§ **TASK INSTRUCTIONS**: Each entry below should be restated word for word, without any picture it contains.

§ **DATA FOR PROCESSING**:
↓↓↓

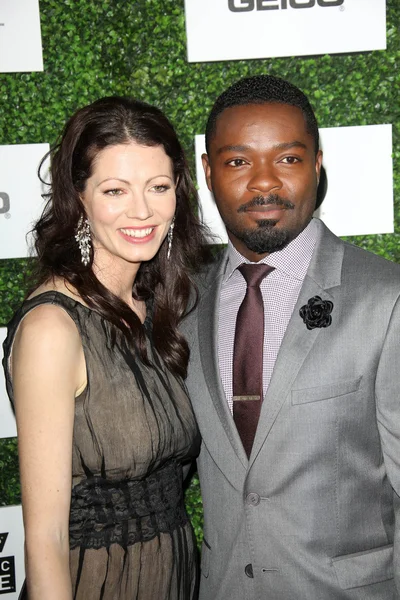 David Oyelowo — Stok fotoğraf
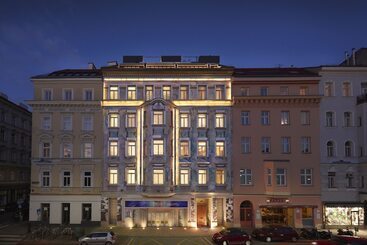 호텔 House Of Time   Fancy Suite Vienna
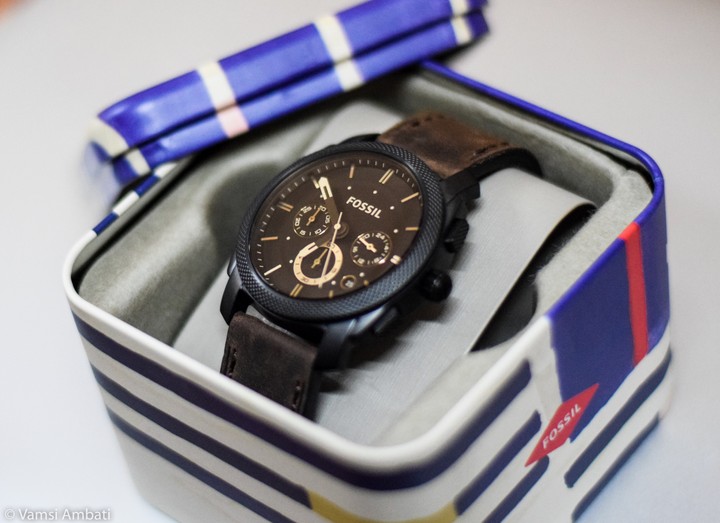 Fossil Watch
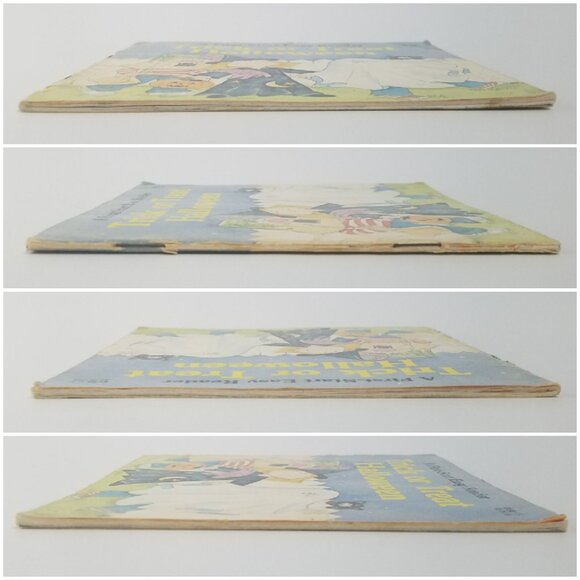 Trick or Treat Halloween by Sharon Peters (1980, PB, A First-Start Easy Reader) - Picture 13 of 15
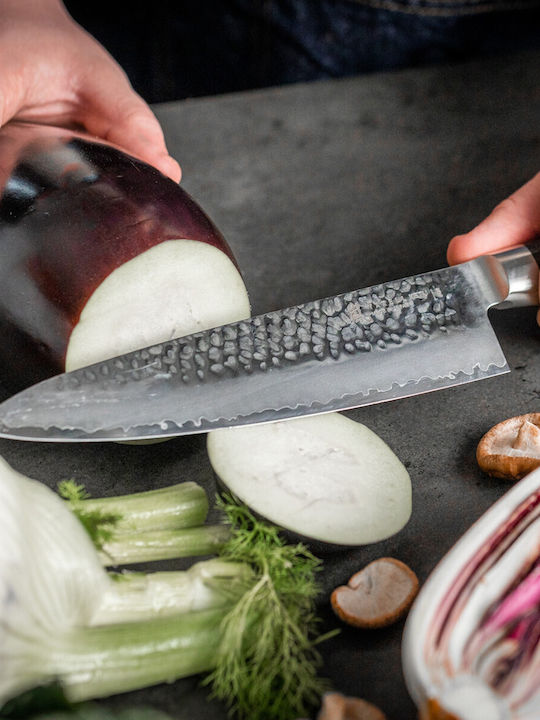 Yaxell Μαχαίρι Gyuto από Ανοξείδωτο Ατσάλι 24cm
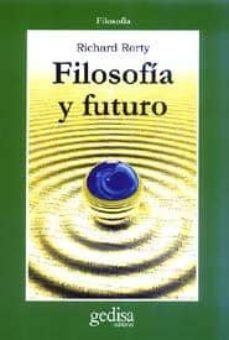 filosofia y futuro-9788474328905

↑↑↑

§ **THE ANSWER**:
 David Oyelowo — Stok fotoğraf
 호텔 House Of Time   Fancy Suite Vienna
 Fossil Watch
 Trick or Treat Halloween by Sharon Peters (1980, PB, A First-Start Easy Reader) - Picture 13 of 15
 Yaxell Μαχαίρι Gyuto από Ανοξείδωτο Ατσάλι 24cm
 filosofia y futuro-9788474328905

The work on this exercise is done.